If `return_dict` is True, an `UNetMotionOutput` is returned,
otherwise a `tuple` is returned where the first element is the sample tensor.
#### freeze_unet2d_params[[diffusers.UNetMotionModel.freeze_unet2d_params]]

[Source](https://github.com/huggingface/diffusers/blob/v0.36.0/src/diffusers/models/unets/unet_motion_model.py#L1687)

Freeze the weights of just the UNet2DConditionModel, and leave the motion modules
unfrozen for fine tuning.
#### fuse_qkv_projections[[diffusers.UNetMotionModel.fuse_qkv_projections]]

[Source](https://github.com/huggingface/diffusers/blob/v0.36.0/src/diffusers/models/unets/unet_motion_model.py#L1847)

Enables fused QKV projections. For self-attention modules, all projection matrices (i.e., query, key, value)
are fused. For cross-attention modules, key and value projection matrices are fused.

> [!WARNING] > This API is 🧪 experimental.
#### set_default_attn_processor[[diffusers.UNetMotionModel.set_default_attn_processor]]

[Source](https://github.com/huggingface/diffusers/blob/v0.36.0/src/diffusers/models/unets/unet_motion_model.py#L1797)

Disables custom attention processors and sets the default attention implementation.
#### unfuse_qkv_projections[[diffusers.UNetMotionModel.unfuse_qkv_projections]]
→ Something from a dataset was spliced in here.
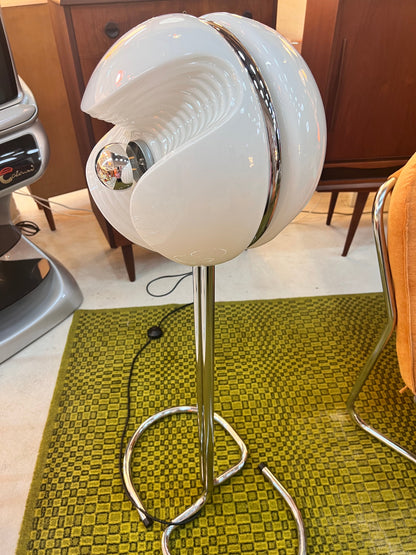 Vintage Stehlampe "Futura" von Koch und Lowy für Peill und Putzler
[Source](https://github.com/huggingface/diffusers/blob/v0.36.0/src/diffusers/models/unets/unet_motion_model.py#L1869)

Disables the fused QKV projection if enabled.

> [!WARNING] > This API is 🧪 experimental.

## UNet3DConditionOutput[[diffusers.models.unets.unet_3d_condition.UNet3DConditionOutput]]
#### diffusers.models.unets.unet_3d_condition.UNet3DConditionOutput[[diffusers.models.unets.unet_3d_condition.UNet3DConditionOutput]]

[Source](https://github.com/huggingface/diffusers/blob/v0.36.0/src/diffusers/models/unets/unet_3d_condition.py#L49)

The output of [UNet3DConditionModel](/docs/diffusers/v0.36.0/en/api/models/unet3d-cond#diffusers.UNet3DConditionModel).

**Parameters:**

sample (`torch.Tensor` of shape `(batch_size, num_channels, num_frames, height, width)`) : The hidden states output conditioned on `encoder_hidden_states` input. Output of last layer of model.